▶ **THE TASK**
Below is a listing; print exactly its lines from the one containing "Pittsburgh Penguins NHL" down to the one containing "Президент Киргизии С.", both inclusive, with every picture left out.

▶ **DATA FOR ANALYSIS**
◆ ◆ ◆ ◆ ◆ ◆ ◆

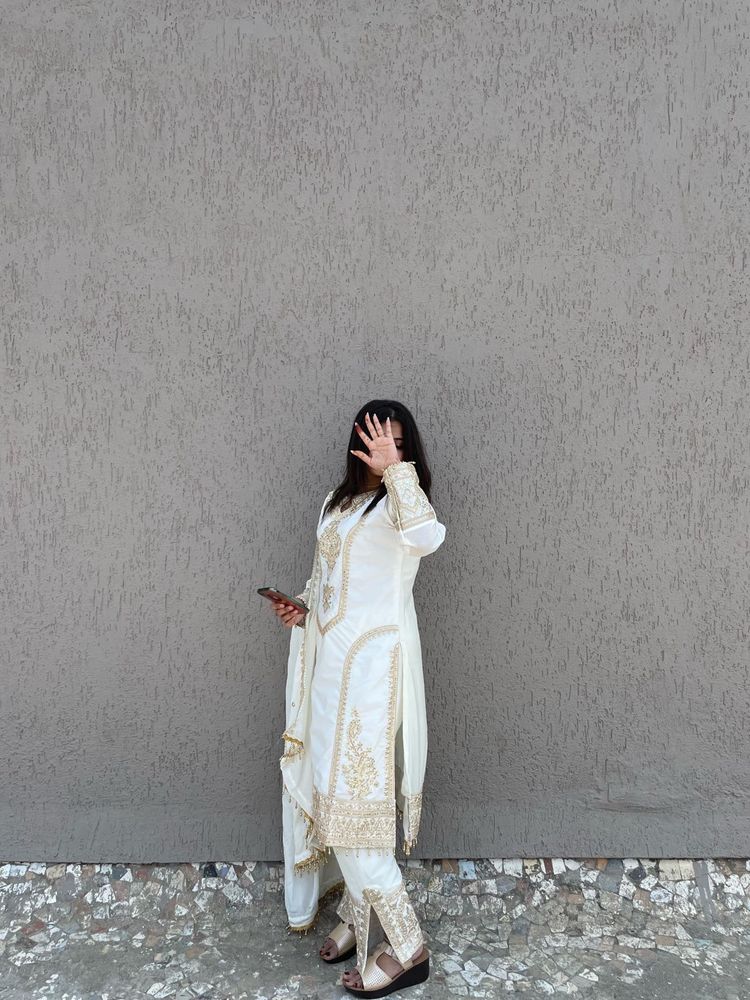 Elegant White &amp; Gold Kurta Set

◆ ◆ ◆ ◆ ◆ ◆ ◆

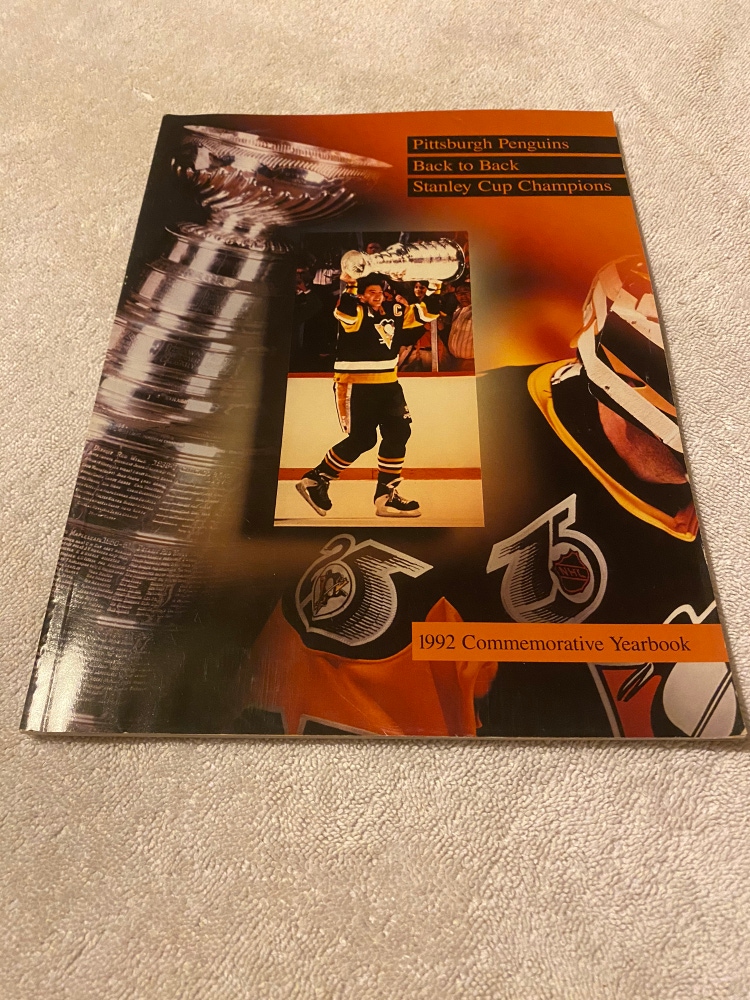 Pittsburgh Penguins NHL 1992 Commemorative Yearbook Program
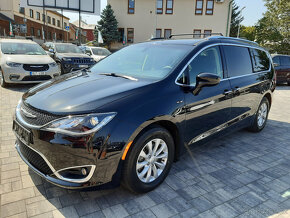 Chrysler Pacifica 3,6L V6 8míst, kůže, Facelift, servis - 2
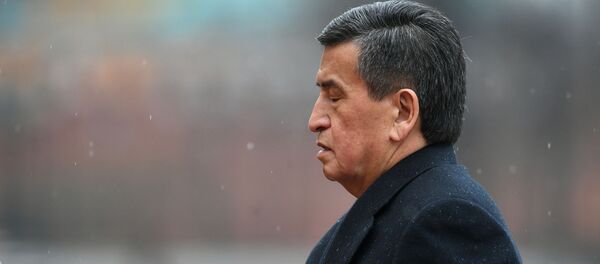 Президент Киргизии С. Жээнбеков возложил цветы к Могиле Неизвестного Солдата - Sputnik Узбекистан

◆ ◆ ◆ ◆ ◆ ◆ ◆

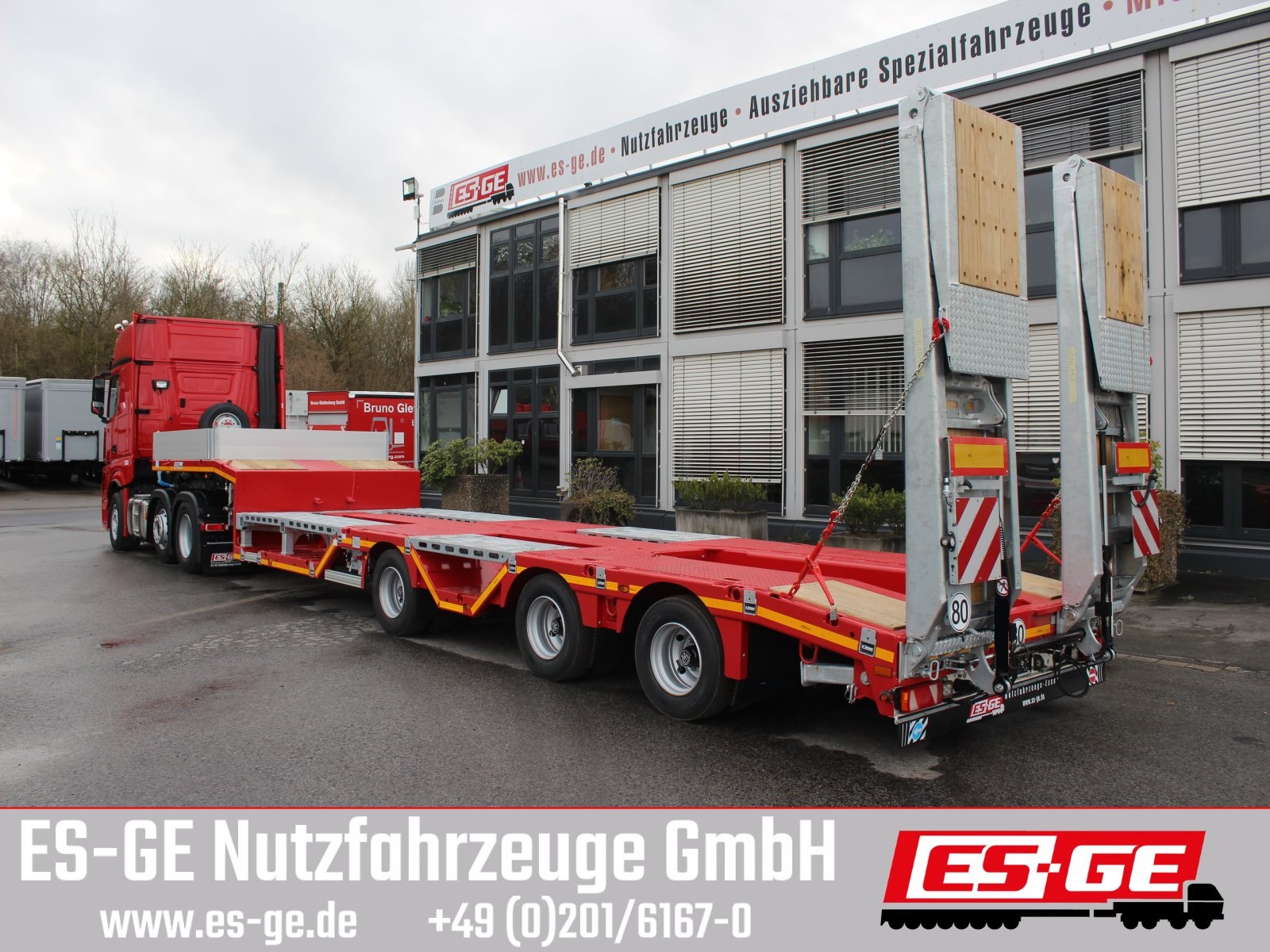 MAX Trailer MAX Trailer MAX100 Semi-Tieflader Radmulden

◆ ◆ ◆ ◆ ◆ ◆ ◆

▶ **EXERCISE OUTPUT**
 Pittsburgh Penguins NHL 1992 Commemorative Yearbook Program
 Chrysler Pacifica 3,6L V6 8míst, kůže, Facelift, servis - 2
 Президент Киргизии С. Жээнбеков возложил цветы к Могиле Неизвестного Солдата - Sputnik Узбекистан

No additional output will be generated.